We're not sure how long some of these will work until PB catches on, but its a good temp fix.

As always, the best way to ensure your images posted here stay here, please use the on site uploading.

- JB


----------



## TTFAdmin (Feb 1, 2012)

Jay-225 said:


> Cheers for that mate really helpful [smiley=dude.gif]


Fixed your signature for you with the ~original code that Mick mentioned. Not sure how long it will stay working so download the image and re-upload it.

- JB


----------



## ProjectMick (Sep 29, 2015)

No worries guys

I assume PB will catch on but if it helps a few people out for a short while then it's all good.

Hopefully it also gives people a bit of time to get images moved somewhere else in the meantime.


----------



## John-H (Jul 13, 2005)

Yes indeed


----------



## desertstorm (Apr 25, 2017)

This fix does of course work for chrome users. But if you edit the links on your posts and just add ~original to the end of each photobucket link the images will be available to everybody except those using chrome with the mod above.
Just took me about 10 minutes to mod all the links on the build thread I started for my car. Only a page and a half and in the longer term I will upload the images to the site. Busy doing that for my A4 on ASN but that is 16 pages and lots of image with a 2 meg image limit and having to resize all the images it's a ball ache.
viewtopic.php?f=29&t=1527753


----------



## TTFAdmin (Feb 1, 2012)

Hey desertstorm,

I was able to see your images without any issue. I have the chrome PB hotlink extension but I disabled it to see if I could still view your images in the thread you provide the link to. So thank you for confirming that ~original still works.

All these temporary fixes we come across is great and useful to share but we cannot guarantee how long it'll be until PB realizes and pulls the fix. We are currently waiting on our techs who are looking for a more solid solution to alleviate these issues. As JB mentioned, this point onward please attach your images directly on the site so you don't risk any issues if they were still being hosted by a 3rd party.

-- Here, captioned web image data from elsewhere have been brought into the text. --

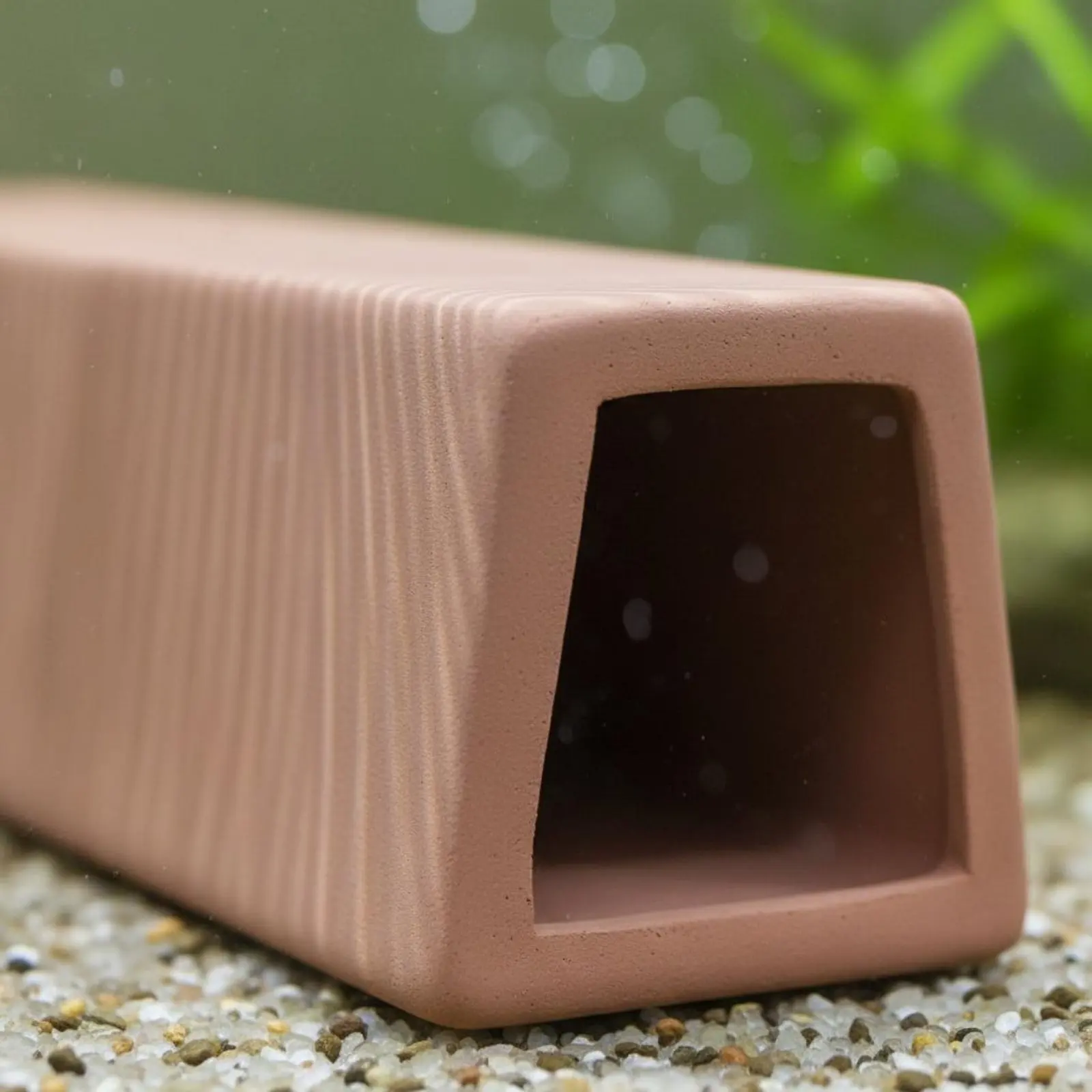 

Ceramic Aquatic Pet Breeding Cave Natural Habitat Look Clay Spawning Hideout Ceramic Prawn Shelter Safe for Clean and Saltwater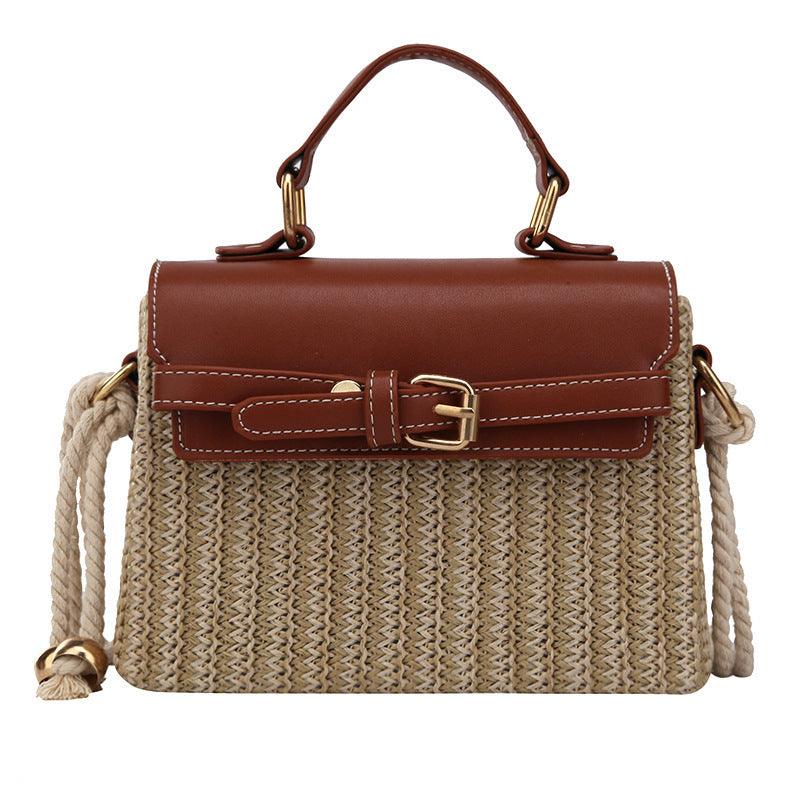 Elegante Rattan Box Handtasche in Gelb, Schwarz und Braun mit verstecktem Innenfach und Magnetverschluss.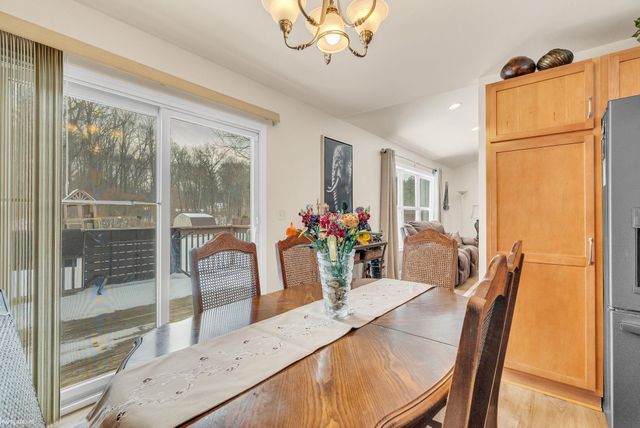 4231 Pine Grove Avenue, Fort Gratiot Twp, MI 48059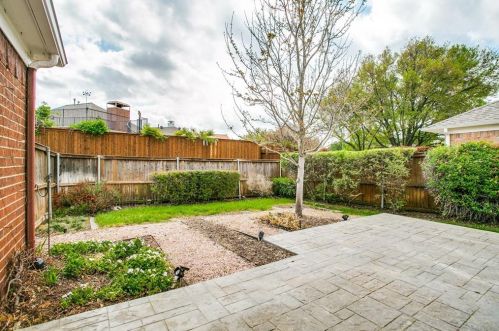 337 Touchdown Dr, Irving TX exterior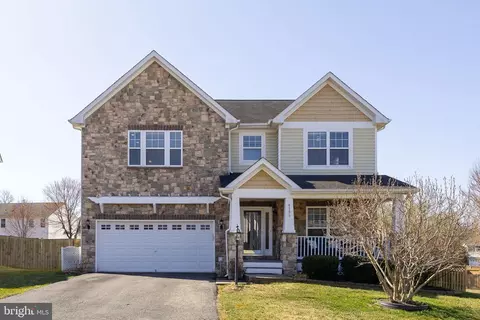 Exterior - 4185 Agency Loop, Triangle, VA 22172 photo 2 of 12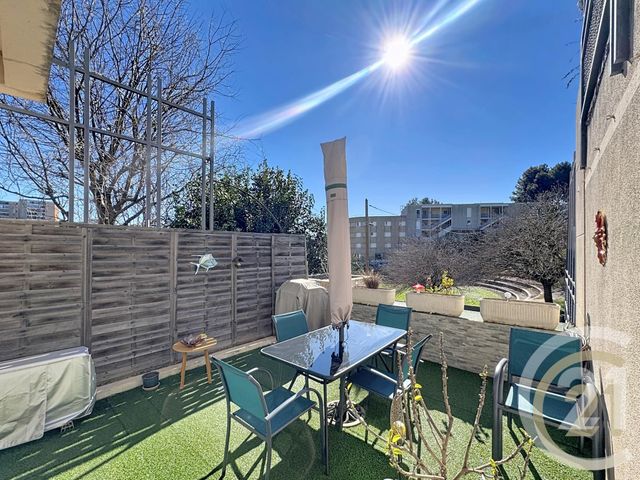 Appartement T4 &agrave; vendre - 4 pi&egrave;ces - 77,78 m2 - Cannes La Bocca - 06 - PROVENCE-ALPES-COTE-D-AZUR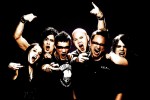 Die Westschweden beim Pressefoto-Shooting, Posing im Fotostudio | © Nuclear Blast (Fotograf: Michael Johansson)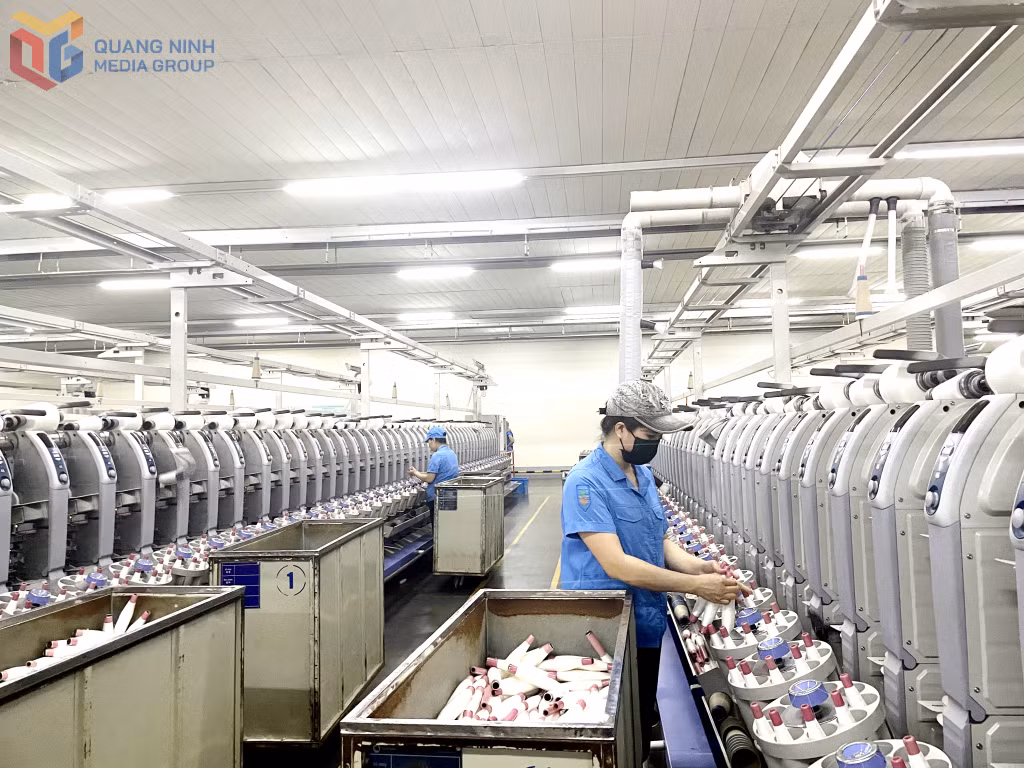 Sản xuất sợi tại Công ty TNHH Texhong Ngân Hà (KCN Hải Hà).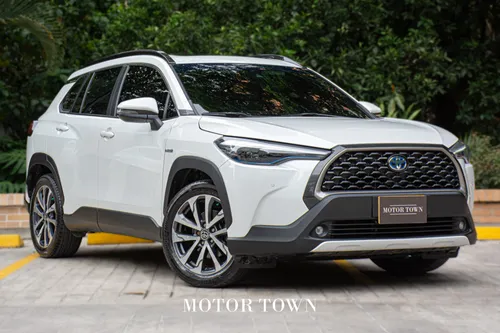 TOYOTA COROLLA CROSS SEG 2023 HIBRIDO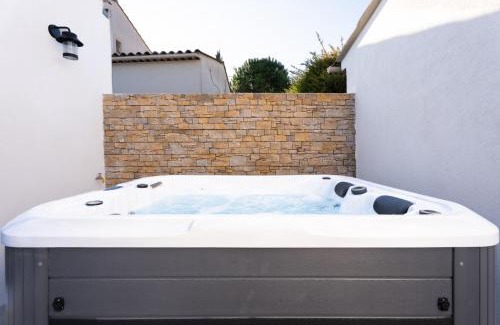 Velaux Casa | Maisonnette avec Jacuzzi Jacuzzi en service du 15 avril au 15 octobre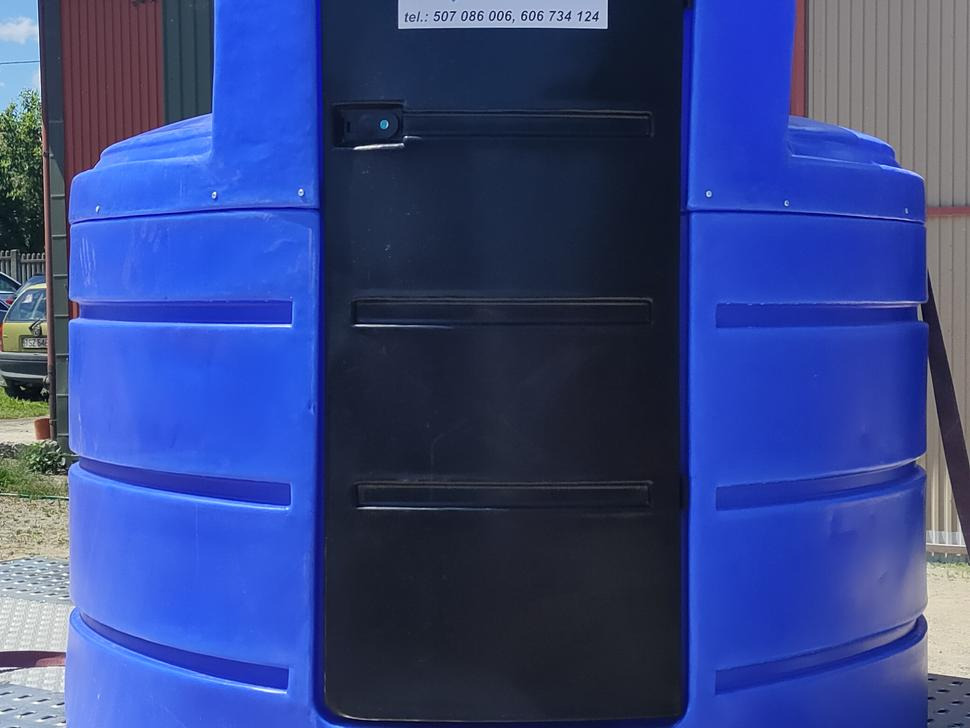 DC AdBlue tank / Cuve à AdBlue / Serbatoio per AdBlue / Бак для AdBlue / Adblue 2500 l - Skladovacia nádrž: obrázok 3 DC AdBlue tank / Cuve à AdBlue / Serbatoio per AdBlue / Бак для AdBlue / Adblue 2500 l - Skladovacia nádrž: obrázok 3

Thank you for your patience and understanding.

Cheers,
Natlaie


----------



## John-H (Jul 13, 2005)

Thanks for letting everyone know what's going on behind the scenes to fix this Natlaie


----------



## sharpnigel (Jun 11, 2013)

Thanks for this. Have installed the extension and added the text to the options. It has made a difference - I now get a small IMAGE box instead of the 100% dial but still no actual image. Any further ideas?

NIgel


----------



## TTFAdmin (Feb 1, 2012)

sharpnigel said:


> Thanks for this. Have installed the extension and added the text to the options. It has made a difference - I now get a small IMAGE box instead of the 100% dial but still no actual image. Any further ideas?
> 
> NIgel


As we noted, these are temporary fixes and PB has been on the warpath shutting them down, so they may work one day, but not the next.

Can you grab a screenshot of what you are seeing and we'll look into it on our end?

- JB


----------